Zikir Çekmede Sayıların Sırları | Tek Parça
Soru: Bir yazınızda zikir çekerken sayıların bir önemi olmadığını ve rivayetlerde kesin sayı belirterek zikir ve duaların yer almadığını söylüyorsunuz. Fakat Peygamber Efendimiz’in (sas) namazlardan sonra 33 defa Sübhanallah-Elhamdülillah-Allahuekber demeyi tavsiye ettiğini görüyoruz. Bu 33 sayısının bir esrarı var mıdır?
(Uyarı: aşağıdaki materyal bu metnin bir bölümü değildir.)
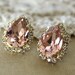 Pink Crystal big teardrop stud earring - 14k plated gold post earrings real swarovski rhinestones .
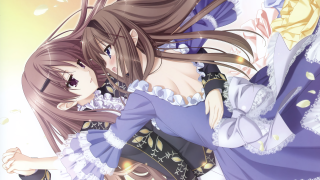 Anime girls hugging yellow background 2 - a couple of anime girls free wallpaper for desktop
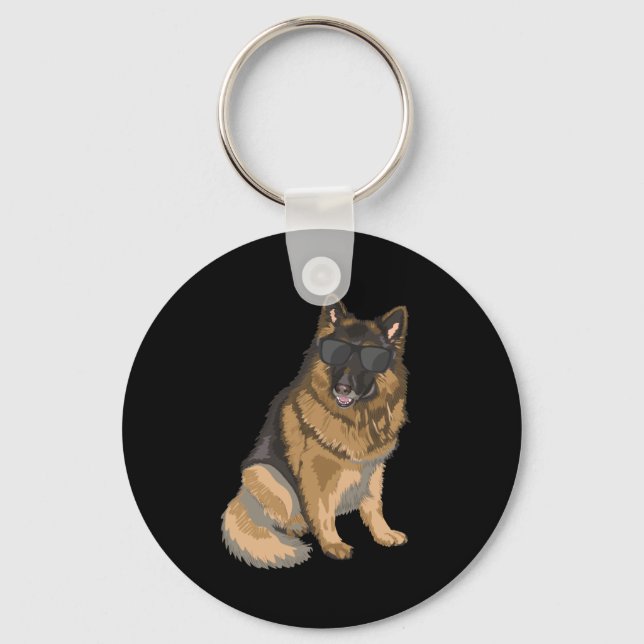 German Shepherd Funny Dog With Sunglasses Keychain (Front)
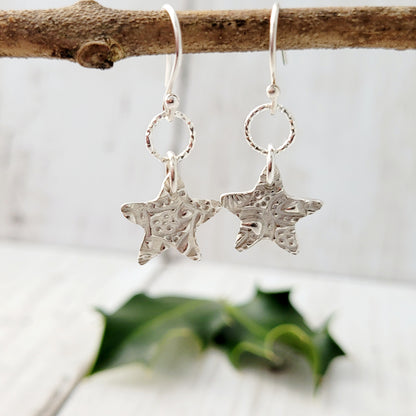 Sterling-silver-textured-star-drop-earrings-0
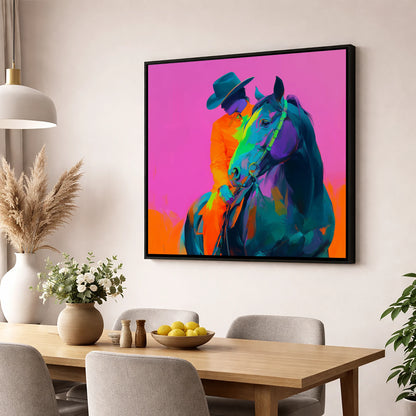 Neon Western Partnership western horse wall art displayed in a dining room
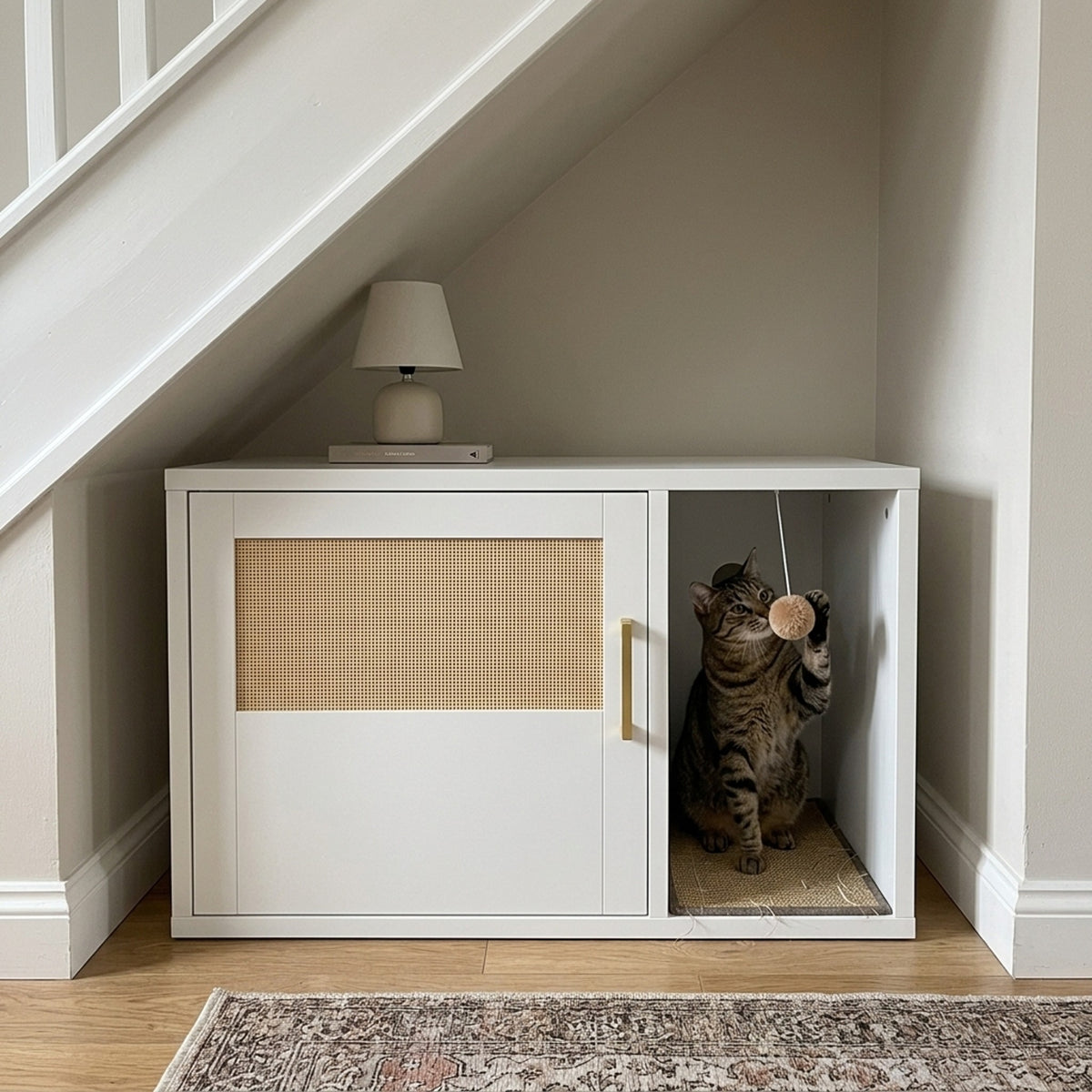 Hideaway Litter Box Furniture, under stairs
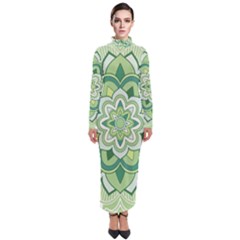 Floral-green-mandala-white Turtleneck Maxi Dress by Vaneshart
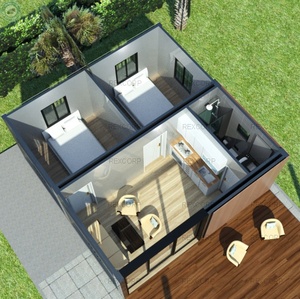 Casa contenedor plegable Simple <span class=keywords><strong>de</strong></span> 54m2, 2 habitaciones, con Patio frontal, contenedor preconstruido, casa en venta - Product Image 6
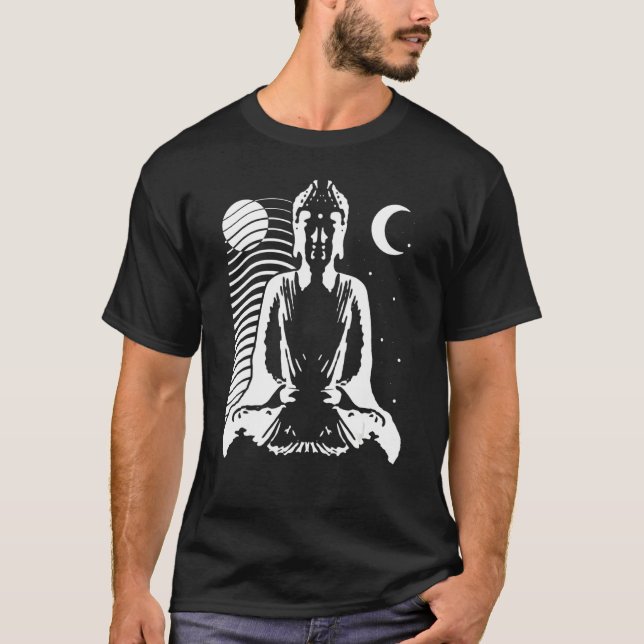 Camiseta Meditando Buda No Estilo Yin Yang Com Dia E N (Frente)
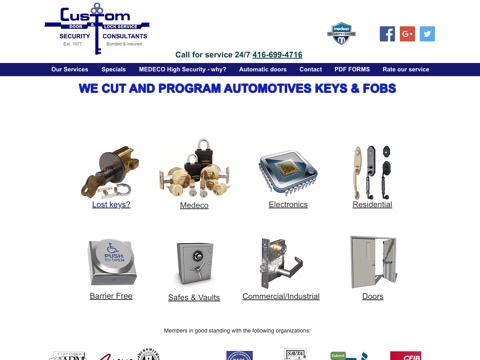 Screenshot of the Custom Door & Lock Service website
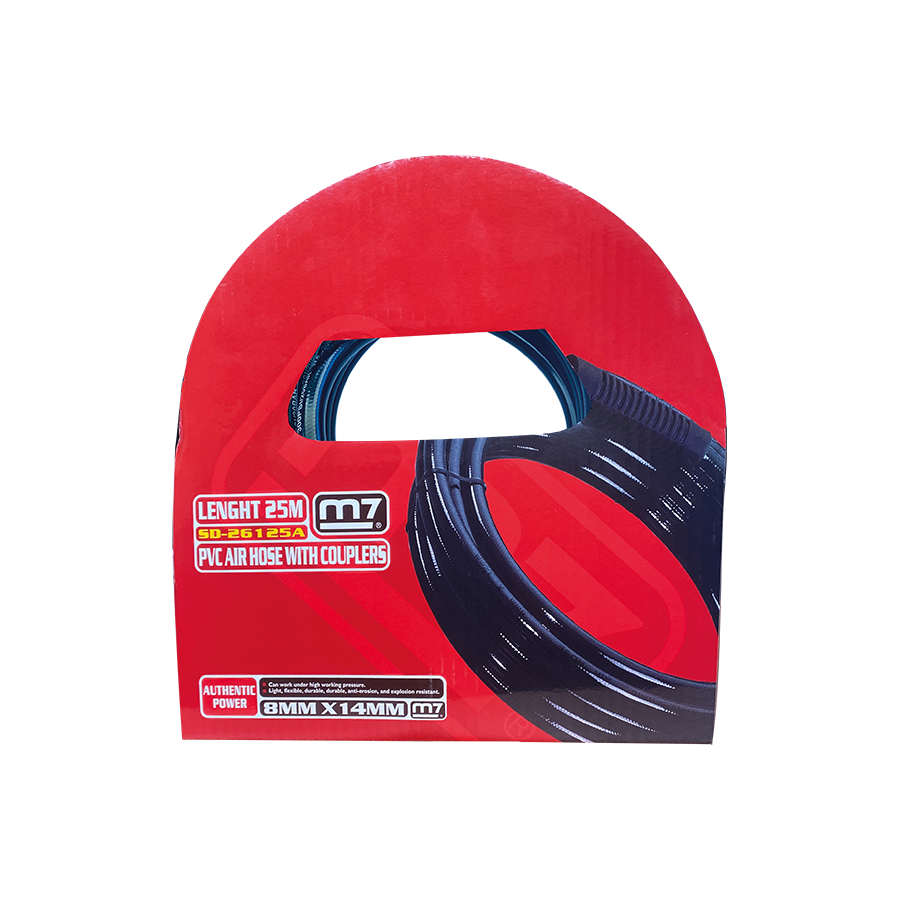 M7 Power-Werkzeuge - 1/4" PVC-Druckluftschlauch 8*14mm, 25M mit Anschlüsse SD26125A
Cevap: Meselenin farklı boyutlarını maddeler hâlinde ele alacağız.
Birincisi: Öncelikle bazı dualar ve zikirler için sayıların hiçbir önemi olmadığını ve rivayetlerde sayı belirtilmediğini söylemedik. Sadece esmaül hüsnadan herhangi birisinin belli sayıda zikredilmesine dair bir rivayetin bulunmadığını söyledik.1 İkisi farklı şeylerdir.
İkincisi: Efendimiz (sas) bazı dualar ve zikirler için farklı zamanlarda farklı sayılar vermiştir. Örneğin; “Kim sabah olunca: Allâhumme innâ asbahnâ nüşhidüke ve nüşhidü hamelete arşike ve melâiketeke ve cemîa halkıke inneke entellâhü lâ ilâhe ilâ ente vahdeke lâ şerîke lek ve enne Muhammeden abdüke ve Resûlüke.” (Allah’ım! Biz seni şahit kılarak, arşını taşıyanları şahit tutarak, melekleri ve bütün yaratıkları şahit tutarak sabahladık. Şüphesiz sen, senden başka ilah olmayan Allah'sın, teksin, ortağın yoktur. Muhakkak Muhammed senin kulun ve Rasulündür." derse, Allah o gün söyleyenin dörtte birini cehennemden azad eder. Kim bunu iki kere derse Allah yarısını cehennemden azad eder. Kim dört kere söylerse Allah o gün onu cehennemden azad eder.” 2 buyurmuştur.
Bir başka hadiste; “Kim sabah akşam yüz defa “Sübhânallâhi ve bi-hamdihî”: (Ben Allah’ı uluhiyet makamına yakışmayan sıfatlardan tenzih eder ve O’na hamdederim) derse, onun söylediklerinin bir mislini veya daha fazlasını söyleyen kimse dışında hiçbir şahıs, kıyamet gününde onun söylediğinden daha faziletli bir zikirle gelemez.”3 buyrulur.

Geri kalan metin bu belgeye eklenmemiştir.